The statistical analysis was performed using SPSS version 26 (SPSS, Inc., Chicago, IL, USA). Statistical tests (χ² or Fisher's exact test) were used to compare proportions, with a significance threshold set at p < 0.05.

Quantitative variables such as age are presented as medians.

Qualitative variables (sex, resistance phenotype, etc.) are presented as frequencies and are expressed as percentages.

A total of 238 patients were included in the study. The proportion of males (56.3%) was slightly greater than that of females (43.7%) (Table 1). The mean age of the patients was 27.9 ± 10.7 years, with a predominance of the 21–40 age group (32.3%), followed by the 1–20 years (29.8%), 41–60 years (23.9%), and 61 years of age (13.9%).

Table 1: Sociodemographic characteristics of the patients (n = 238)

Characteristics	Number (N=238)	Percentage
Sex
Feminine	104	43,70%
Masculine	134	56,30%
Age range
1- 20	71	29,83%
21-40	77	32,35%
41-60	57	23,95%
>61 years old	33	13,87%

Average age (SD ±) 27,9 ± 10,7

Sensitivity analysis of the 238 strains of S. aureus revealed near-universal resistance to penicillin G (99%) and high resistance to oxacillin (79%), reflecting a high proportion of MRSA (Table 2). Strong resistance was observed for tetracycline (72%), ciprofloxacin (50%), gentamicin (43%) and trimethoprim-sulfamethoxazole (43%). In contrast, vancomycin (1% resistance), linezolid (7%), tigecycline (7%) and teicoplanin (2%) remained largely active.

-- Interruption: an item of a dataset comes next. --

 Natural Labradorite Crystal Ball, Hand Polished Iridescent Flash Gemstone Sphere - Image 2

Table 2: Antibiotic resistance patterns of S. aureus strains

Antibiotics	Resistance fighters (%)
Antibiotics	N=238
Penicillin G	99%
Oxacilline	79%
Gentamicin	43%
Erythromycin	38%
Clindamycine	22%
Quinupristine-Dalfopristine	8%
Ciprofloxacin	50%
Moxifloxacin	42%
Levofloxacin	36%
Tetracycline	72%
Tigecycline	7%
Linezolide	7%
Nitrofurantoin	4%
Teicoplanin	2%
Vancomycine	1%
Trimethoprim-Sulfamethoxazole	43%

Figure 2 shows a high predominance of methicillin-resistant S. aureus isolates (68.1%), a significant number of resistant strains through penicillinase production (21.8%), and a low proportion of methicillin-susceptible isolates (10.1%).

Comparative analysis of data from the four laboratories participating in the study highlighted marked heterogeneity in the distribution of Staphylococcus aureus phenotypes, particularly with regard to methicillin resistance (MRSA).

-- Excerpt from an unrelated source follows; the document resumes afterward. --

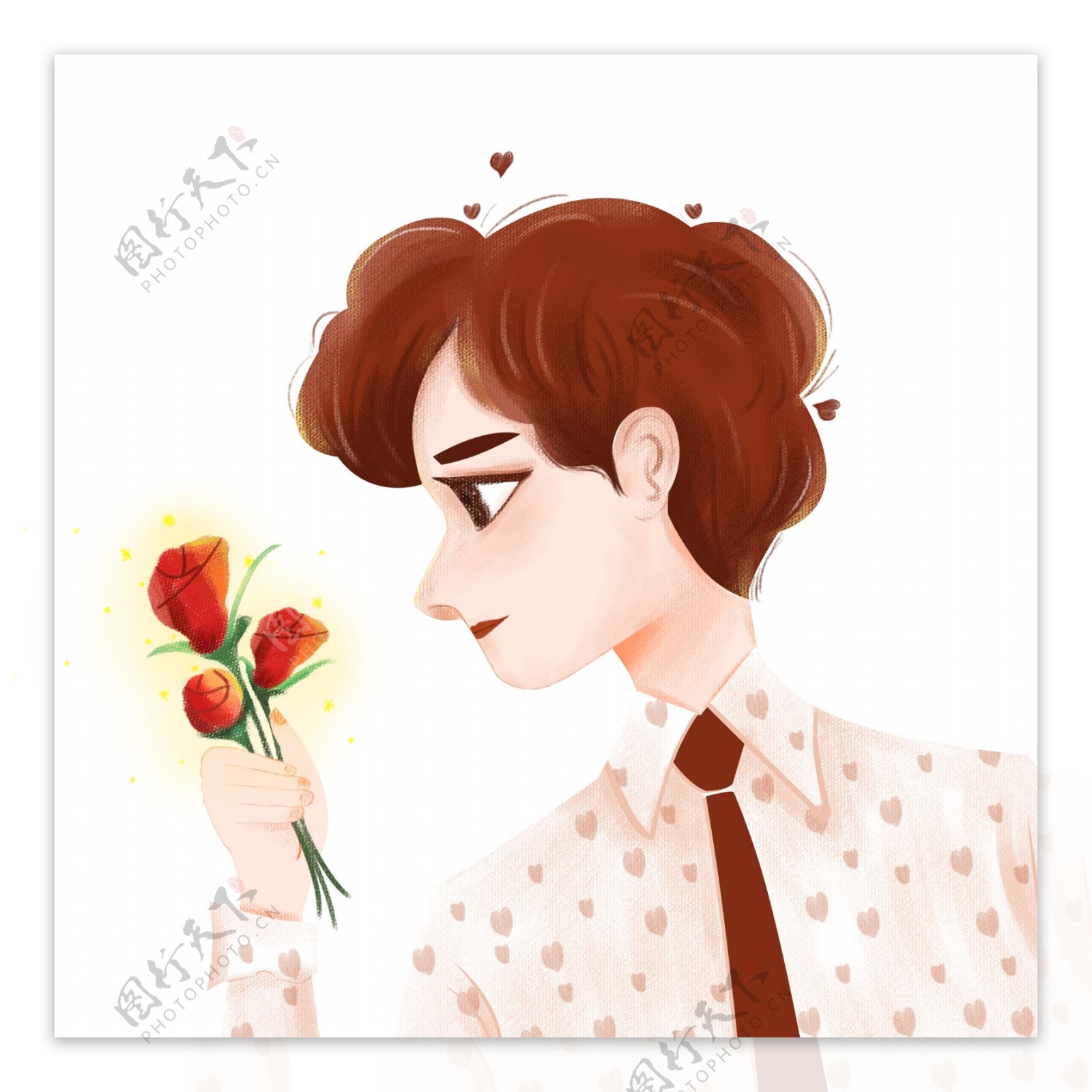 浪漫手绘拿着玫瑰花的少年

The distribution of phenotypes revealed that penicillinase-producing strains were more common in pus (71.1%), followed by urine (15.4%) and blood (7.7%). MRSA was mostly isolated from pus (43.8%) and urine (36.4%), while the percentage of MRSA in CSF was zero (Table 3).

Table 3: Distribution of S. aureus phenotypes by sample type

Type of samples	Pénicillinases	Wild phenotypes	SARM
LCR	0.00%	12.50%	0.00%
Pus	71.15%	58.33%	43.83%
Blood	7.69%	20.83%	17.90%
Semen	5.77%	0.00%	1.85%
Urine	15.38%	8.33%	36.42%

MRSA predominated among the 238 isolates, with a significantly greater frequency in the hospital setting (74.2%) than in the community setting (57.5%) (p<0.01). Penicillinases exhibit a balanced distribution between the two environments, unlike those of wild strains, which remain in the minority.

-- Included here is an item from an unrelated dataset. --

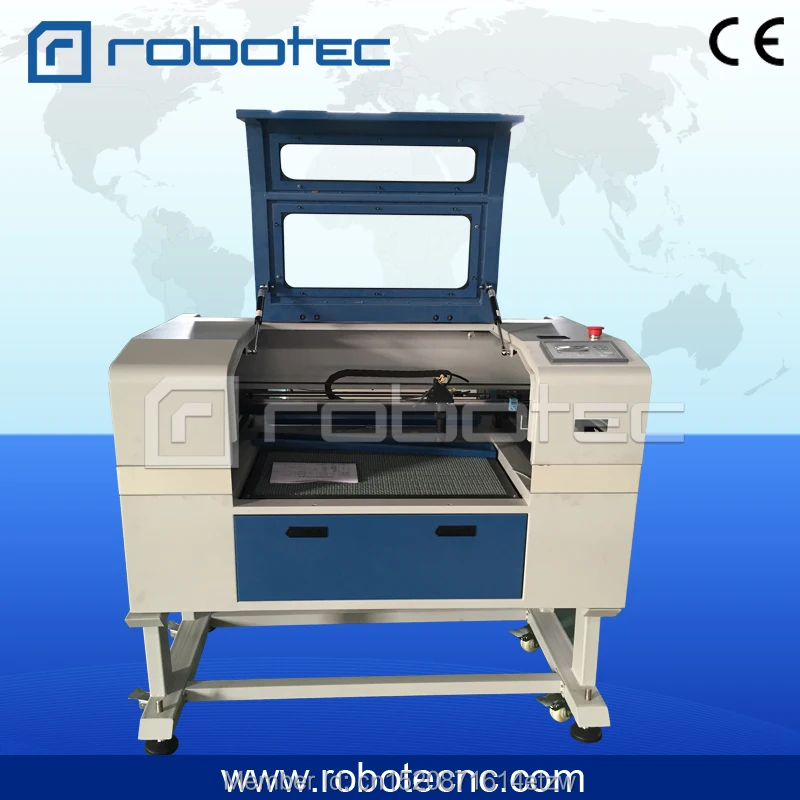 Лазерный мини-станок Robotec с вертикальным и вращающимся столом для резки кожи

Phenotypes	Origins of the levy		P value	Total
Phenotypes	Community	Hospital	P value	Total
Pénicillinases	26	26		52
Wild phenotypes	11	13	*p < 0.01*	24
SARM	50	112		162
Total	87	151		238

The proportion of MRSA increased significantly between 2023 and 2024 (p < 0.01). In 2023, 32.7% of the isolates were MRSA (n=53), whereas 67.3% were MRSA in 2024 (n=109) (Table 4). The majority of MRSA strains originated in pus (43.8%) and urine (36.4%).

Table 4: Distribution of MRSA by year and sample type

	SARM (N=162)	P value
Years		p < 0.01
2023	53 (32,72%)
2024	109 (67,28%)
Types of samples
Pus (n=122)	71 (43,83%)	p < 0.01
Urine ((n=69)	59 (36,42%)
Blood (n=38)	29 (17,90%)
Semen (n=06)	3 (1,85%)
CSF (n=03)	0 (0,00%)

Among all 162 MRSA strains, the following strains exhibited marked multidrug resistance: gentamicin (50%), erythromycin (46%), ciprofloxacin (50%), moxifloxacin (49%), tetracycline (67%), and trimethoprim-sulfamethoxazole (51%) (Table 5). In contrast, resistance to linezolid (6%), tigecycline (8%) and vancomycin (1%) remained low.

Table 5: MRSA resistance patterns to other antibiotic families (n = 162)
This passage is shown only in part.